Description of the task:
Output each entry verbatim. Leave the images out.

Extracted information:
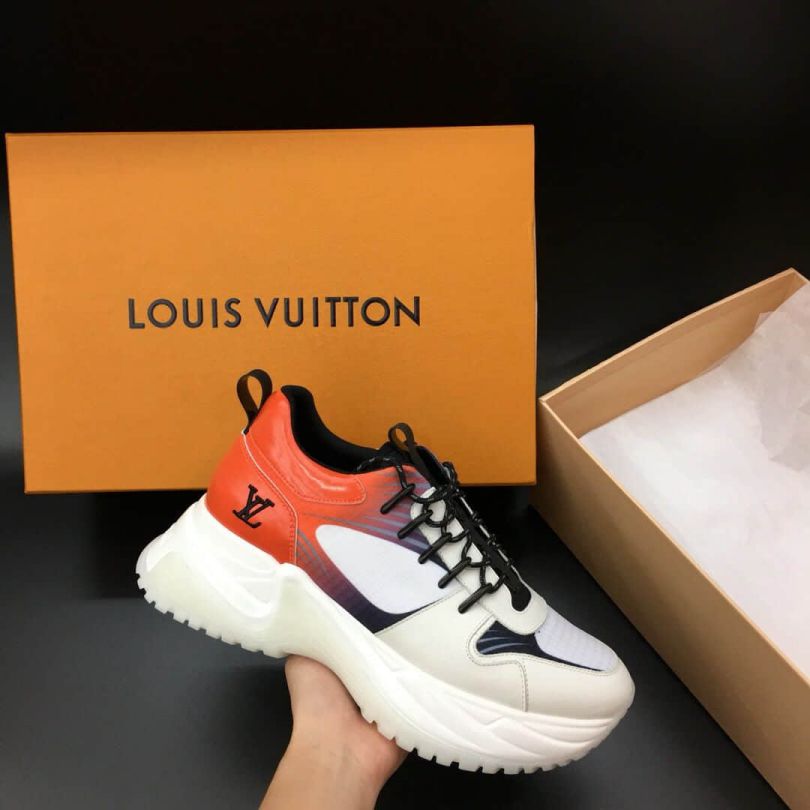 LV Canvas RUN AWAY PULSE Men Sneakers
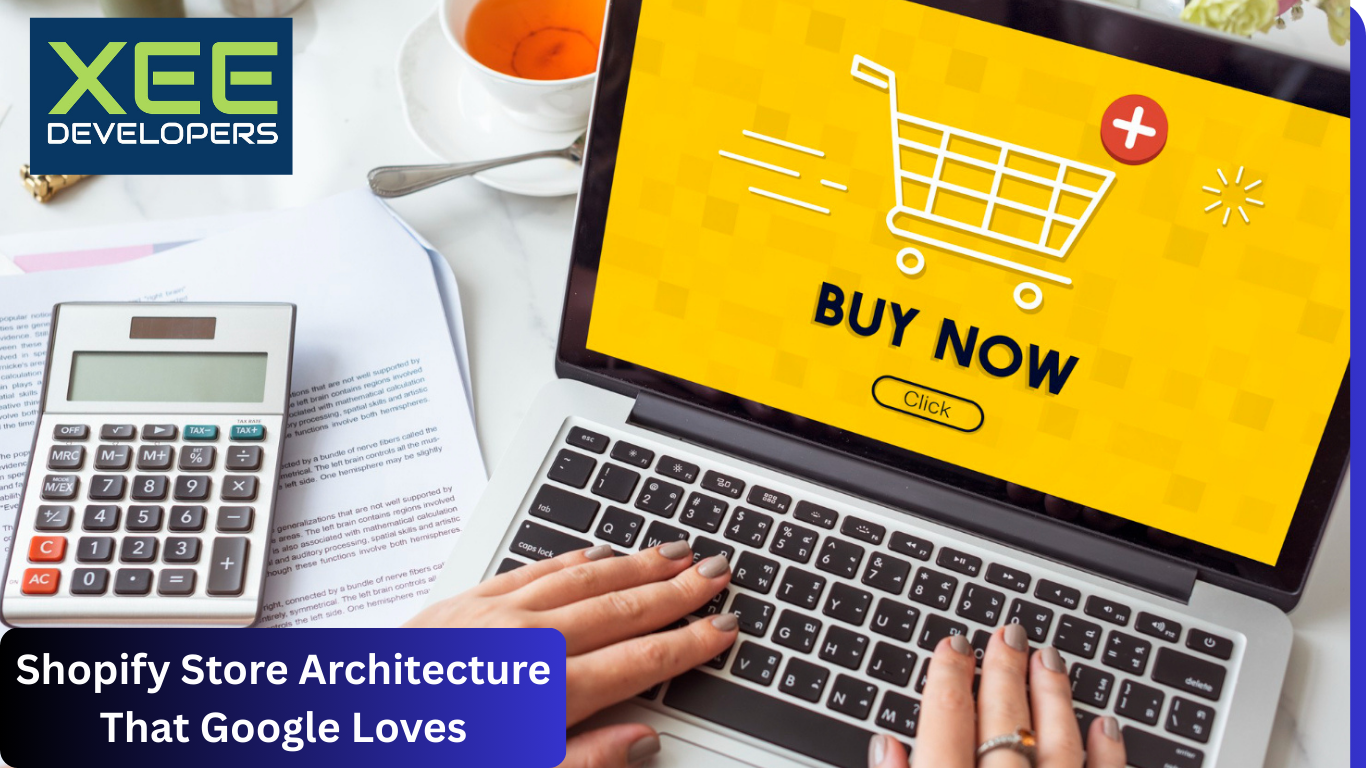 Shopify Store Architecture That Google Loves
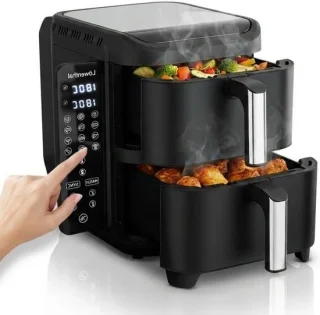 Dubbele airfryer XL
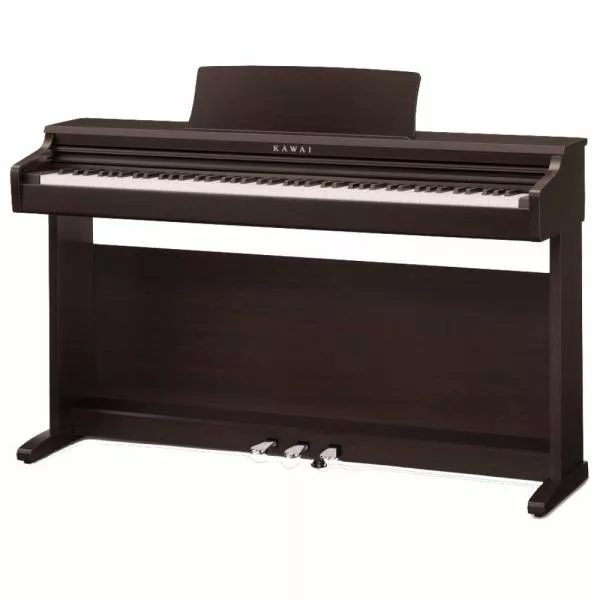 Digitale piano met meubel Kawai KDP 120 RW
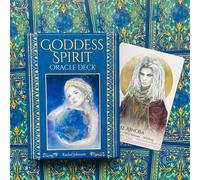 Mazzo Di Carte Oracle Goddess Spirit Blue Angel 44 Carte E Guida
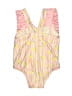 Assorted Brands Print Pink One Piece Swimsuit 9-12 MO / 12 MO - photo 2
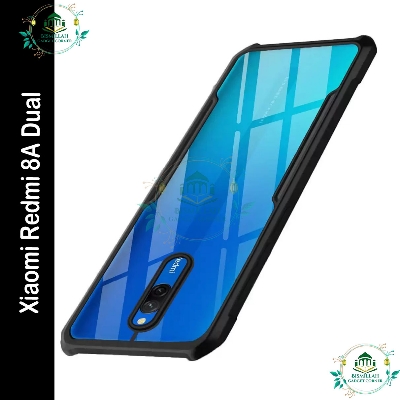 Picture of Xundd Back Cover for Redmi 8A Dual Transparent Hybrid Hard PC Back Bumper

Response box:
 LV Canvas RUN AWAY PULSE Men Sneakers
 Shopify Store Architecture That Google Loves
 Dubbele airfryer XL
 Digitale piano met meubel Kawai KDP 120 RW
 Mazzo Di Carte Oracle Goddess Spirit Blue Angel 44 Carte E Guida
 Assorted Brands Print Pink One Piece Swimsuit 9-12 MO / 12 MO - photo 2
 Picture of Xundd Back Cover for Redmi 8A Dual Transparent Hybrid Hard PC Back Bumper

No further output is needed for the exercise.